なによりエミリの後押しが大きかった。本人がやる気になってしまったら、僕に止めることは出来ない。あいつはやると決めたら頑固なのだ。クソっ、勇者として活動するならばどんな危険があるかは分からない。エミリを守り切る自信がない。僕は自分の力のなさを嘆いた。
「こんにちは、騎士団から派遣されてきたカーズと申します。加護は”堅牢の盾”です。この度は勇者パーティへの参加、謹んでお受けいたします」
「教会から召集されたクリコと言います。加護は”癒しの光”、よろしくお願いします」
パーティとして活動するにあたり、追加で補充された人員の二人が挨拶をしてくれる。カーズは20歳で、父親が騎士団の兵士で幼いころから鍛錬を積んでいたらしい。その体躯は丸太のように太く、自分が小枝に思えるほどの差がある。
17歳のクリコは孤児院育ちで、5歳の祝福の儀で癒しの光の加護を得たため、教会へと引き取られシスターとして日々教会の仕事をしていたとのこと。荒事に参加したことは少なく、色白な肌はこの過酷な旅に耐えられるか不安にもさせる。

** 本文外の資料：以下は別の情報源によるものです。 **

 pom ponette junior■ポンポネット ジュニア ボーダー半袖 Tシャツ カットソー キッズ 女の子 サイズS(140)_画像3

「エミリと言います!一応勇者ってことになっていますが、そんな大層なものじゃないので気軽に接してくれると嬉しいです」
「僕はアレンと言います。賢者の称号を承りました。魔術全般、戦術戦略にも長けていると自負しています。このパーティの司令塔として活動したいと考えています。どうぞよろしくお願いします」
四人で挨拶を交わす。今のところ皆好印象を持てる仲間と言っても問題なさそうだ。何より守りの要になる剣士と癒しを持った僧侶というのが頼もしい。勇者パーティはその構成人数にバラつきはあるが、この4人ならバランスの取れた構成になったと思う。

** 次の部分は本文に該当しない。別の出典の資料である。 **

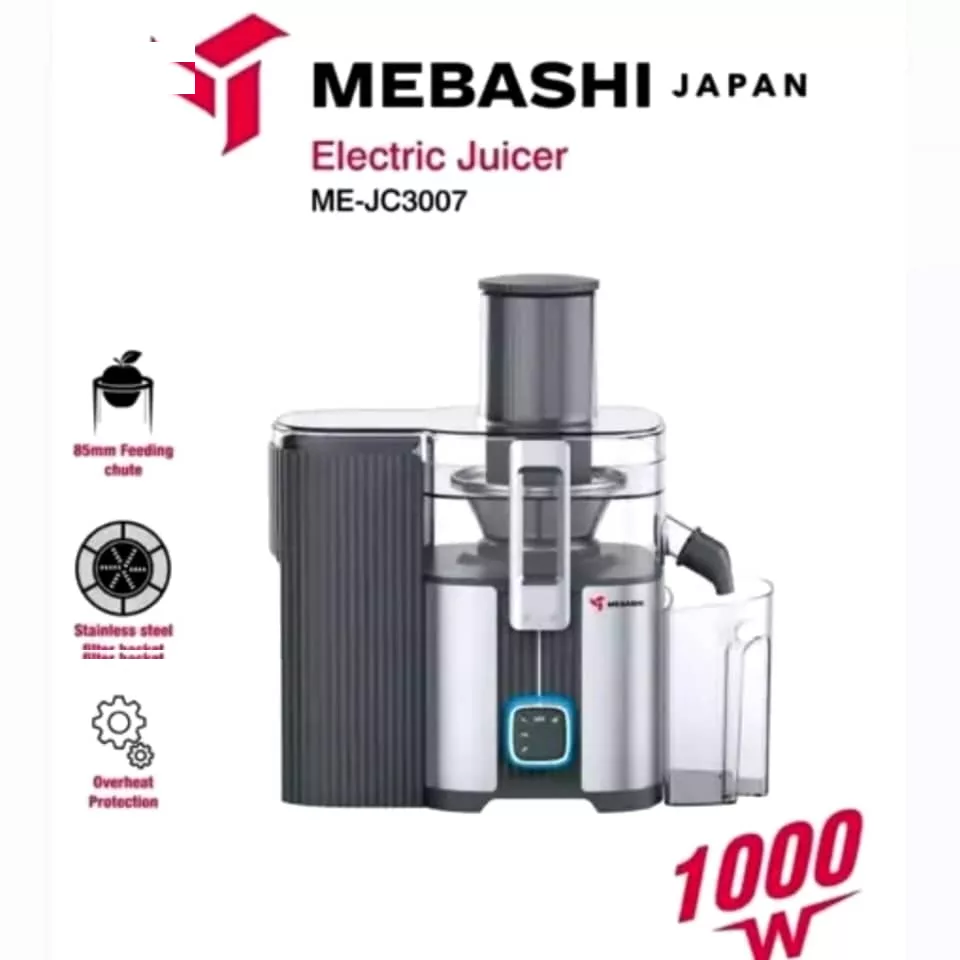 آبمیوهگیری مباشی مدل ME-JC3007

「まだお互いのことをよく分かっていませんし、これから一週間程度は王都で生活するのはどうでしょうか、近くの村で害獣駆除なども出来ますし、力量を把握しておくことが大事になるかと思います」
「そうだな、勇者とは手合わせをお願いしたい。町を守ったというその力、見させてくれ」
「私の役割は回復で、直接的な戦闘にはあまり参加できません。この細腕ですし。教会で行っている診療所での仕事を見てもらえるといいかもしれません」
「ボクは問題ないよ」
「では、明日から行動を開始しましょう。今すぐ旅立つ訳じゃないですが、別れを済ませておくといいと思います。こちらの事情で申し訳ないですが、王都を出て最初は僕達の生まれた町に立ち寄ってもらいたいと思います。連絡がいっているかもしれないですが、直接伝えたいので」」
王都での一週間はあっという間だった。エミリとカーズの手合わせは、初めはカーズが優勢だった、しかし鮮麗されたその剣術をエミリはぐんぐんと吸収し最後の方ではカーズを圧倒するほどに腕前を上げていた。加護の差もあるだろうが、やはりエミリのセンスはすごい。カーズはそれでも充分な剣術の腕を持っていたし、そもそも守りの加護なのだ。一対一の戦いよりも、仲間を守れる多数との戦いこそが彼の本域だろう。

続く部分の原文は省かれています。